→ Work order: Every line of the listing belongs in your answer exactly as written; the images do not.

→ Excerpted records:
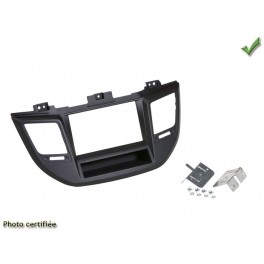 KIT 2 DIN HYUNDAI TUCSON 2015- NOIR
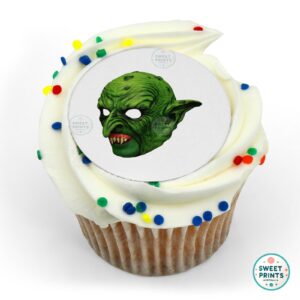 goblins puck the goblin mask o
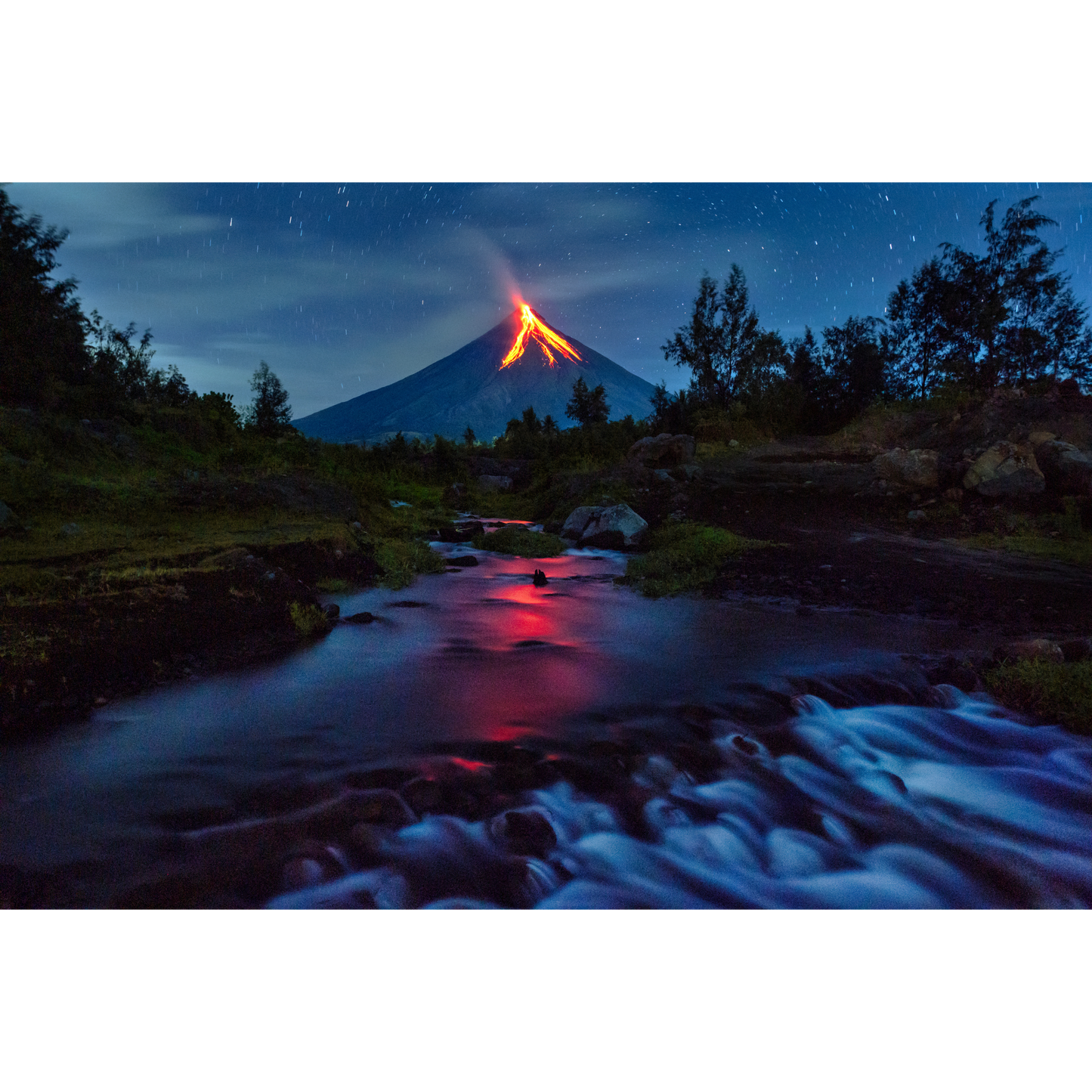Mayon Volcano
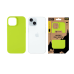 Tactical MagForce Velvet Smoothie Cover Защитный чехол для Apple iPhone 15 / авокадо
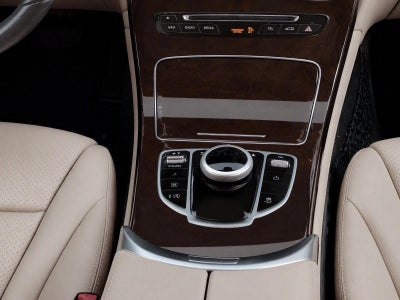 2017 Mercedes-Benz GLC GLC 300 4MATIC® SUV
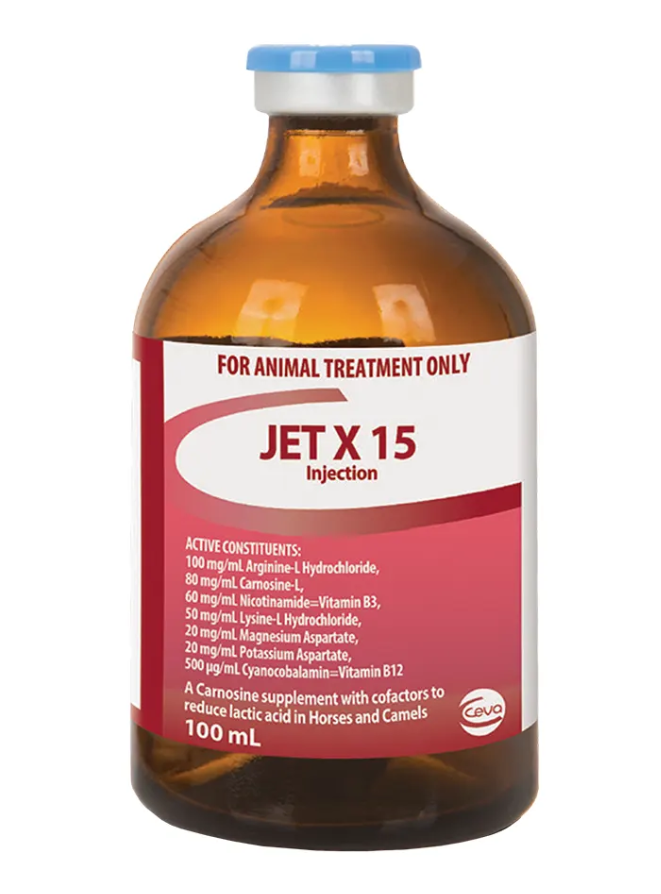 CEVA JETXI5 INJ 100ML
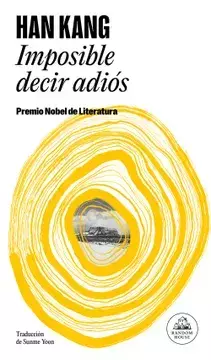 Imposible Decir Adios Han Kang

→ Solution for this exercise:
 KIT 2 DIN HYUNDAI TUCSON 2015- NOIR
 goblins puck the goblin mask o
Mayon Volcano
 Tactical MagForce Velvet Smoothie Cover Защитный чехол для Apple iPhone 15 / авокадо
 2017 Mercedes-Benz GLC GLC 300 4MATIC® SUV
 CEVA JETXI5 INJ 100ML
 Imposible Decir Adios Han Kang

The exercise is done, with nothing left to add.